While having my lunch at Stewart’s, I thought to look up bike shops in the Plattsburgh area. Lo and behold, it turns out there is one practically across the street from my hotel. And so, just before going to my hotel, I swung by Viking Ski ’N Cycle and bought two spare tubes—with Presta valves—a spare patch kit and a spare valve adaptor. This was probably all overkill, but it’ll help me sleep better knowing that I’m not riding around on my last available tires.
I checked into my hotel a little after 4, showered, and went for a swim in the pool. I sat poolside for a little while reading a book on the Kindle app on my phone. After a while I went back to my room, lay down on the bed to continue reading, and passed out. I slept for about an hour before getting up to start working on this blog post. I interrupted that work to go grab a very highly caloric—but delicious—meal at the restaurant next door and then returned to my room as the rain started to fall.

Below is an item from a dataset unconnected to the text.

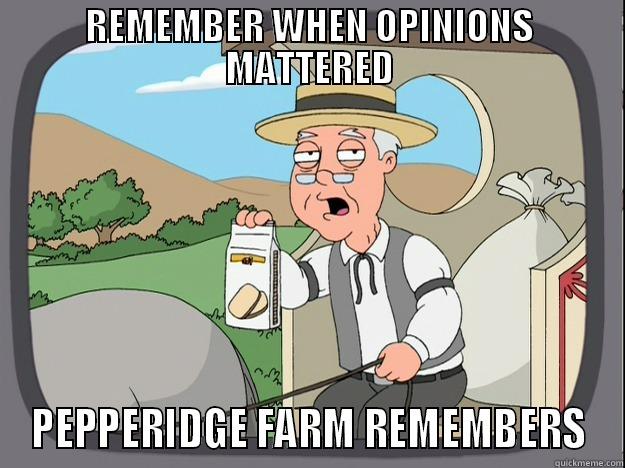 REMEMBER WHEN OPINIONS MATTERED PEPPERIDGE FARM REMEMBERS Pepperidge Farm Remembers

I’ve checked the weather for tomorrow, and it looks like there’s a chance of thunderstorms in the morning but clearing mid-morning to afternoon. So, if I do sleep in tomorrow, that’ll work out fine.
It’s probably best that I do that since the ride tomorrow is only 46 miles long—the shortest of all the days—but it does have one set of challenges in particular:
Ugh. Whose stupid idea was it to bike to a town in the Adirondacks? Oh, right, that was me. If only I didn’t love Lake Placid so much. Anyway. Time to do some quick laundry and get some sleep. I’m gonna need it.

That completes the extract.